All I have to say is thank God I'm on legal mood-altering drugs. None of this may seem like a big deal to you and you will probably wonder why it has affected me so much, but I can't give you those answers. For once in my life I can't put it into words.
Before the wedding I was warned about the "Post-Wedding Blues." Everyone from recent brides to my wedding planner to virtual strangers told me to expect to feel very down in the weeks following the wedding. The reason behind this was because brides were the center of attention for a whole day and everything was about them and they had this perfect day where they looked perfect and...<gag> Not only am I so glad it's finally over, I am still dealing with the fallout from it.
For example, I have a rise in anxiety levels when I flip through the channels and some of the 1000's of wedding shows that are on nowadays are replaying the story about this perfect wedding or this spectacular wedding cake. I HATE anything and everything having to do with weddings, specifically my wedding. From the outside, everything apparently was beautiful and wonderful and great and "the best they've ever been to..." (lie!) But those closest to me noticed little things, like my immediate tensing up at the first sounds of the organ, or the devastated tears that were coming down during our jonesing priest's sermon.

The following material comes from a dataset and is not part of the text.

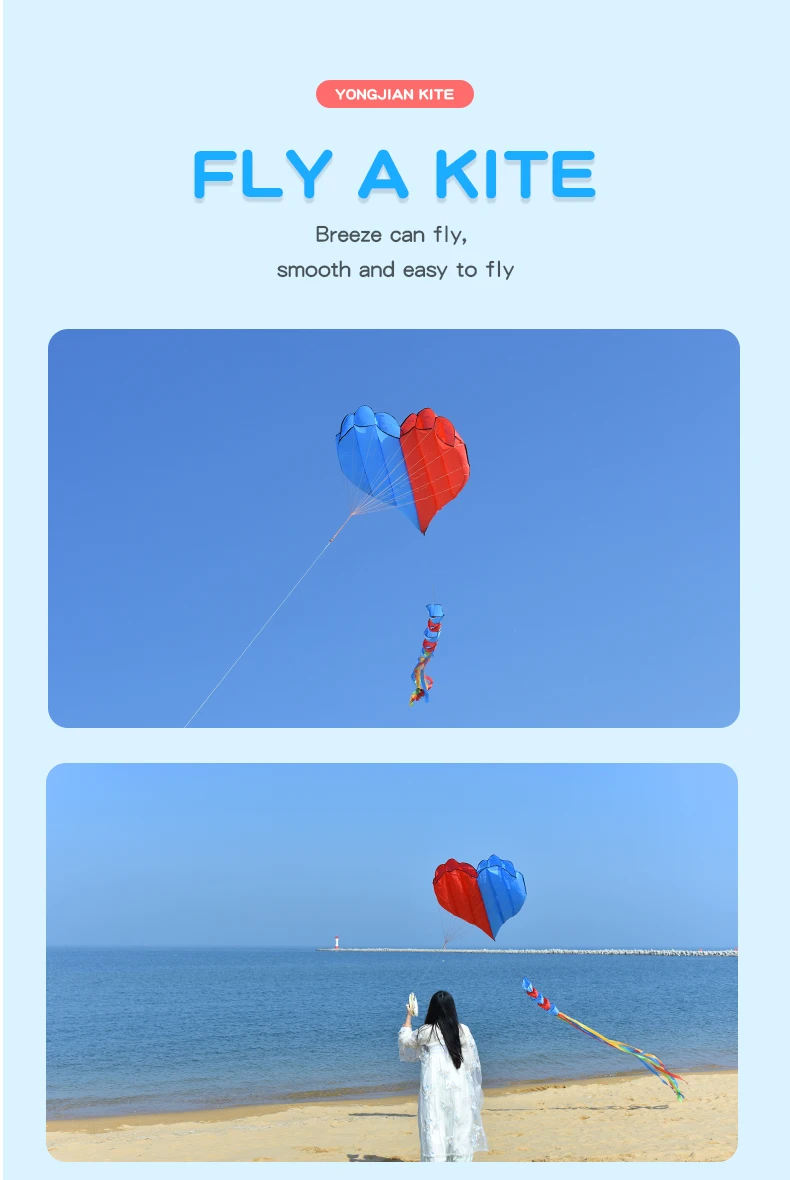 Inflatable Professional Kites - Large 3D Love Heart Kite for Adults - Outdoor Soft Kite Toy for Unforgettable Flying Experience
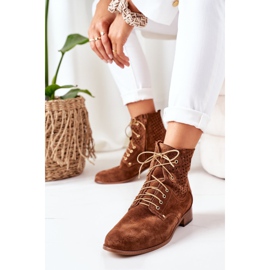 Alberto Violli Velúr csizma áttört mintával Barna Josie 2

While those signs may or may not have been visible to the rest of the guests, I don't think I'll ever know because noone will admit to it. Here I am. Almost 2 months to the day since The Beautiful Circus. Crying again as I write this. I try to think of the things that I did like about that day; the way we looked, the uniqueness of some of the details that I put so much work into, seeing family and friends having a good time. But that relief is fleeting. And then once again I am left with the disappointment that noone can seem to get.
I have so much going on in my life right now that this should just be a blip in my past that fades as I look into the future, but it's a blip that doesn't seem to fade. It may flicker at times, but it still burns. A man I know who has seen his share of heartbreak told me recently that it's OK to look back, but just don't stare. Someday, maybe.